La rentrée a sonné. Pauvres élèves? Pas sûr que ce soit eux les plus à plaindre. Les enseignants aussi se remettent à la tâche. Comme tout le monde? Certes, mais eux travaillent sous haute surveillance: celle des parents. Qui n’hésitent pas à mettre leur nez dans les programmes scolaires, à contester les notes attribuées à leur rejeton, à refuser les décisions prises par l’école ou les punitions qu’ils jugent inadéquates.
A l’image de ce couple des Grisons qui est allé jusqu’au Tribunal fédéral pour protester contre une heure et demie d’arrêt infligée à leur fille Vreni. Lors d’une sortie à ski, elle était arrivée en retard au rendez-vous fixé par l’enseignant, en expliquant que son groupe s’était égaré. Le verdict est tombé fin août: les juges n’ont pas levé la sanction. De même, ces Chaux-de-Fonniers qui, fin août, ont été condamnés par le Tribunal de police: alors que leur fils de 12 ans a déjà des difficultés scolaires, ils lui ont permis de rater une semaine de cours pour participer à un tournoi de hockey au Québec.

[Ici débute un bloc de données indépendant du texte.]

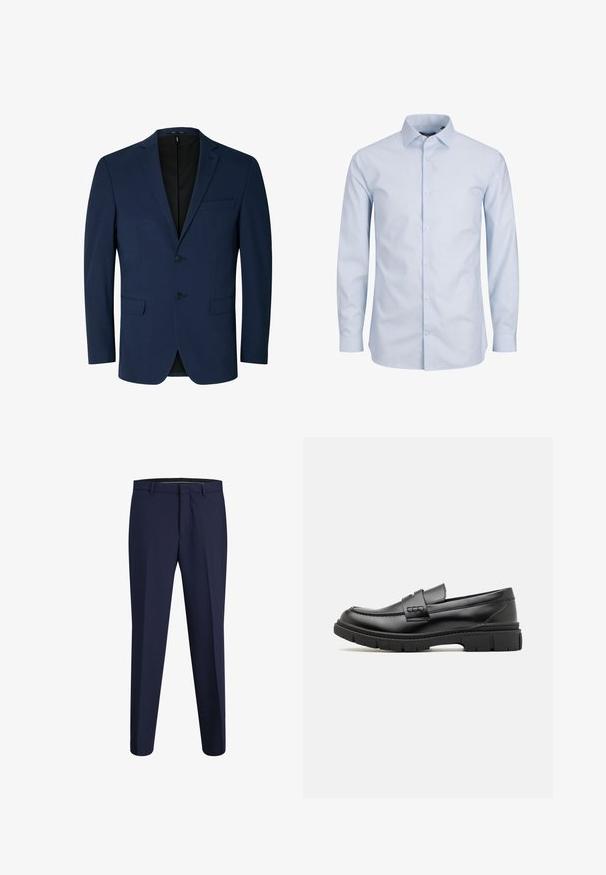 Marineblauer Blazer aus glattem Stoff, mit Reverskragen, zweifacher Knopfleiste und zwei Seitentaschen. Schlichtes, maßgeschneidertes Design.; Himmelblaues Langarmhemd aus glattem Stoff. Verfügt über einen klassischen Kragen, frontale Knöpfe und einen geraden Saum. Keine Muster oder Akzente.; Marineblaue, maßgeschneiderte Hose aus glattem Stoff mit flachem Vorderteil, geradem Bein und Standardbund, ausgestattet mit Seitentaschen.; Schwarze Lederloafer mit einem breiten Riemen über dem Rist, Gummisohle mit dicken Profilen und glatter Textur. Klassisches, schlankes Design.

L’école leur avait pourtant notifié son refus (entériné par l’exécutif de la ville). Pour lutter contre les vacances prolongées ou les départs anticipés, les cantons de Bâle et de Fribourg ont d’ailleurs instauré des amendes qui vont de 50 à 2000 francs. Et que dire de ces parents musulmans du village de Bürglen, en Thurgovie, qui ont été jusqu’au Tribunal fédéral pour contester le règlement scolaire communal qui interdit aux élèves de porter, en cours, des chapeaux, des foulards ou des lunettes de soleil? En juillet, les juges de Mon-Repos ont donné raison aux deux familles.

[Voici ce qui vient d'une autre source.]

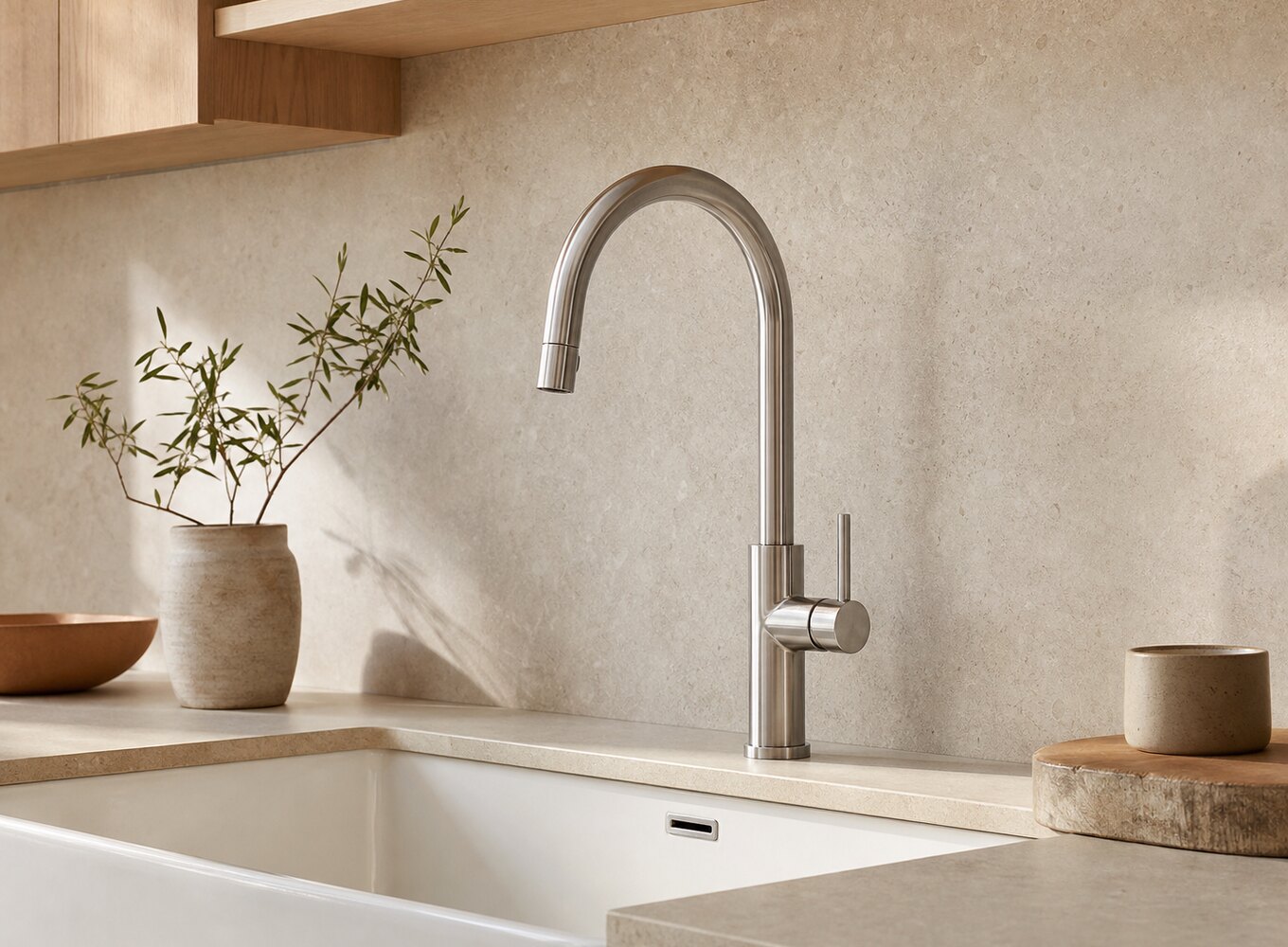 Mitigeur de cuisine en métal brossé installé avec un évier blanc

Face à l’école, les parents se comportent de plus en plus souvent comme un consommateur face à un produit. Après tout, ce sont leurs impôts qui financent le système scolaire. Et, on le sait, le client est roi.
01 Le constat
En ces jours de rentrée, comme le reste de l’année d’ailleurs, Agnès Mora, conseillère école-famille à Nyon – un poste qui dépend des Affaires sociales de la ville –, sent bien qu’il y a de l’électricité dans l’air. «Il faut que tout le monde réussisse. Les parents sont sous tension, les profs, qui croulent sous les obligations administratives, se sentent observés par eux. Je leur dis: “Ce sont des parents, ce ne sont pas vos adversaires. Vous n’êtes pas en face de guerriers. Il faut leur expliquer les choses.”»

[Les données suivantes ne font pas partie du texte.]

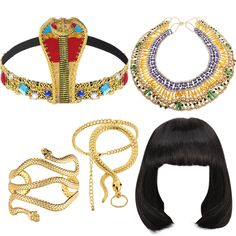 PRICES MAY VARY. What You Will Receive: you will receive 1 piece of short bob wig, 1 piece of snake head head chain, 1 piece of snake arm cuff, 1 piece of collar necklace, and 1 piece of snake bracelet with ring, this combination can meet your Halloween, Mardi Gras, costume party or holiday decorating needs Unique and Charming: the Egyptian costume women is unique and exquisite, featuring snake patterns, attractive and charming, and easy to be noticed in the crowd Reliable and Sturdy: the black Egyptian Halloween Costume, Egyptian Headpiece, Snake Arm Cuff, Short Black Bob, Egyptian Halloween, Snake Head, Black Bob, Costume Women, Head Chain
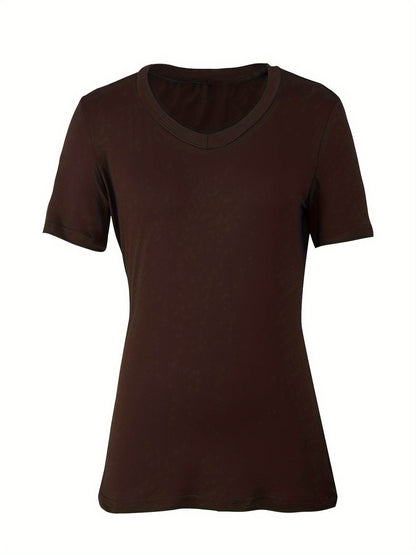Women's V-neck Slim-fit Top - Short Sleeve, Available in Multiple Colors - Buy Center US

Trop de temps à justifier, pas assez à instruire. Paranos, les profs, et incapables de communiquer du haut de leur tour d’ivoire? Pas sûr. Professeur à la Faculté de psychologie et des sciences de l’éducation de l’Université de Genève, Philippe Perrenoud constate: «S’ils le pouvaient, certains suivraient “en direct” chaque moment de la scolarité de leur enfant, comme les passionnés suivent une étape du Tour de France ou un procès.
Souci de bien faire, sans doute. Droit de savoir, aussi. Mais l’excès conduit les enseignants à passer de plus en plus de temps à informer, expliquer, justifier, rassurer, pronostiquer, donc de moins en moins à éduquer et instruire.» Cela dit, si certains parents sont les bêtes noires des milieux scolaires, ces derniers reconnaissent à l’unanimité que, dans 80 à 90% des cas, les choses se passent bien. Le hic: les familles à problèmes prennent énormément de temps.
Président de la Société pédagogique vaudoise, Jacques Daniélou voit bien que les parents remettent de plus en plus en cause les décisions de l’école. «Et ils défendent leur enfant en première ligne, ce qui met l’enseignant dans un grand désarroi. Par exemple, lors d’une beuverie qui a été sanctionnée, ils nous ont dit: “Mais si vous les aviez mieux surveillés, ils n’auraient pas bu!”» Ancien enseignant et écrivain vaudois, Jon Ferguson explique: «Depuis une dizaine d’années, on assiste à une prise de pouvoir des parents à l’école. L’enseignant ne peut plus rien faire.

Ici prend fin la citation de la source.